Plant breeding to add iron, zinc, and provitamin A directly into staple foods is exactly what we need to combine the tools and techniques of agriculture to improve global health. This is a necessary complement to other nutrition interventions and reaches populations who may not have access to a viable health care system or commercially processed fortified foods.

Through Feed the Future and the Global Health Initiative, the United States is bringing together the necessary components of agriculture and health programs to improve the quality and diversification of diets; improve accessibility to food, water and sanitation, and health systems; and invest in better nutritional practices in the household. These are our core investments, and our contribution to the global agenda for Scaling Up Nutrition.

We welcome the work of HarvestPlus in the years ahead to take their research from the greenhouse to the farmer’s fields in the poorest countries. Biofortification holds the promise of low-cost, familiar technologies and crops that will improve the quality of the diet for the neediest. As a bonus, many of the biofortified crops result in improved crop yields that are better able to grow in nutrient poor soils, limited moisture and other adverse conditions.

Clearly, there is a long list of benefits from biofortification. But, I would be remiss if I did not also make reference to the concern by some consumers and advocacy groups of the use of genetically modified technologies in producing biofortified crops. We look to genetic modification as an additional tool available to breeders to help us to improve dietary quality and quantity. While continually looking for adverse consequences of genetic modification technologies, we believe that the evidence points us to further development of genetically modified food production. We can only think about what the future holds, but for the vast majority of the work of HarvestPlus and biofortication, conventional plant breeding is the tried and trusted approach to improving the nutrient profile.

We know that increasing agricultural productivity alone is not enough to reverse malnutrition trends. Hunger and malnutrition are enormous development challenges that demand innovative technical, operational and institutional solutions. And we need to do more.

Across the globe, micronutrient malnutrition affects more than 2 billion people – mostly women and children – increasing their susceptibility to diarrhea and other deadly illnesses and infections. Iron deficiency alone is estimated to affect about half of all children in the developing world, hampering growth and causing irreversible cognitive damage. The impacts of anemia turn into a vicious cycle that limit a child’s ability to learn and a woman’s ability to work productively—which in turn, given the role of women in agriculture, prohibits growth and productivity in the agriculture sector as a whole. For example in Sierra Leone, the lack of adequate actions to address women’s anemia is estimated to result in agricultural productivity losses of almost US$100 million during the next five years.

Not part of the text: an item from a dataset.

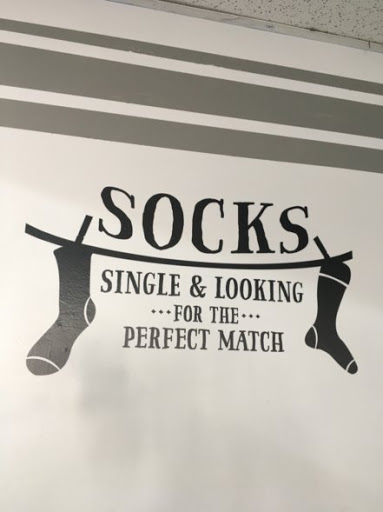 Laundromat «Fluff and Fold Lavanderia», reviews and photos, 5042 Warner Ave, Huntington Beach, CA 92649, USA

Even mild levels of micronutrient malnutrition damage cognitive development, lower disease resistance in children, and reduce the likelihood that mothers survive childbirth. The costs of these deficiencies in terms of lives lost and poor quality of life are staggering.

This is precisely why we need to better target nutrition research and delivery towards the most vulnerable, which includes pregnant women and children. At the MDG Summit in September, Secretary Clinton and Minister Martin—along with many other leaders—emphasized this 1,000 day window of opportunity. As we move forward on collective action with countries under the Scaling Up Nutrition Road Map, we will be focusing our energy and resources on achieving significant results on nutrition in this relatively short period of time.

I urge all of you in this room this morning to take on two important pledges this week: first, take talk to action, ensuring important strategic discussions and new technologies don’t sit only in our minds or on a shelf; second, come together as experts in agricultural and nutrition and explore how to better target vulnerable women and children. Women are a fundamental force in agricultural development, economic growth, and global health.

USAID has long been committed to improving nutrition and we will continue to support this effort.